Hi Dave,
--On 8 May 2007 4:51:26 PM +1000 David Chinner <dgc@xxxxxxx> wrote:
Back in 2.6.13, unwritten extent conversion was changed to be done
via a workqueue because we can't do conversion in interrupt context
(AIO issue). The problem was that the changes extent conversion to
run asynchronously w.r.t I/o completion.
Oh ok, and at the same time they used the workqueue also (apart
from AIO) for synchronous direct writes even though they didn't have to.
i.e the existing comment:
* This is not necessary for synchronous direct I/O, but we do
* it anyway to keep the code uniform and simpler.

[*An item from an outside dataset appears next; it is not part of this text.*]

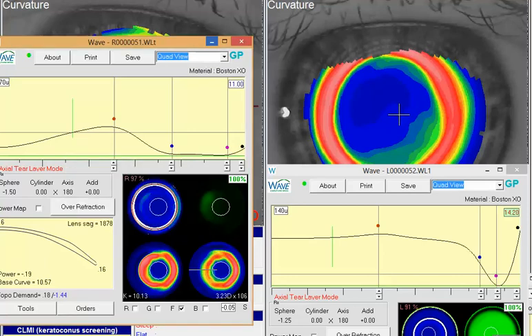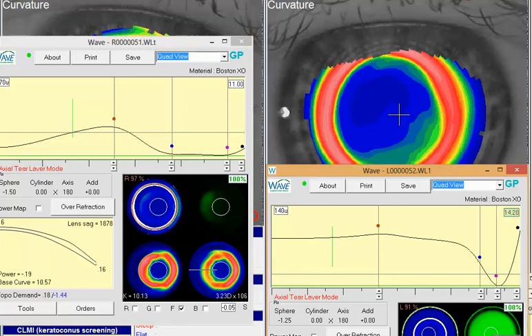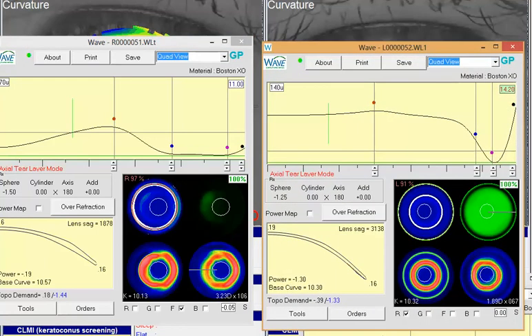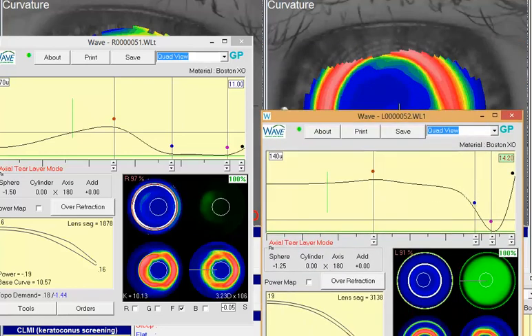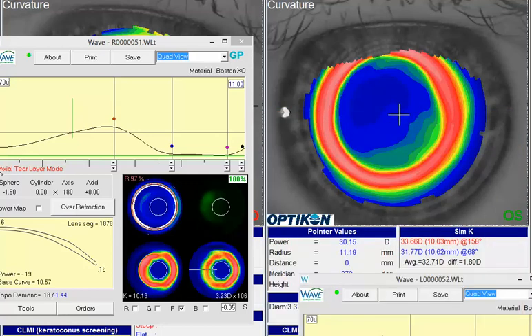Same thing with the other eye — if we look over there. Again, very nicely designed scleral lens here, but as you know, you're getting some cylinder over-refraction on this patient. I tend to find it a little less predictable when I try to put a sphero-cylinder over-correction into these scleral lenses. I tend to find I'm a little more comfortable with it on a corneal design.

So you were tossing up whether to flush the queue as in the patch given
or to effectively call the code of xfs_end_bio_unwritten to
do the unwritten extent conversion straight away.
Hmmm....I dunno :)
Does it matter? What are the pros and cons? :)
Does it matter if we flush the whole queue now or later?
Is it nicer/simpler for this to always happen in the queue?
Is it a bit silly to queue and immediately flush?
* Possible typo in comment:
s/passed to use to determine/passed to us to determine/
* Don't really need the "? 1 : 0"
is_sync_kiocb(iocb) ? 1 : 0
=>
is_sync_kiocb(iocb)
--Tim
Under heavy load (e.g. 100 fsstress processes), a direct write into
an unwritten extent can complete and return to userspace before
the unwritten extent is converted. If that range of the file is
then read immediately, it will return zeros - unwritten - instead
of the data that was written and is present on disk.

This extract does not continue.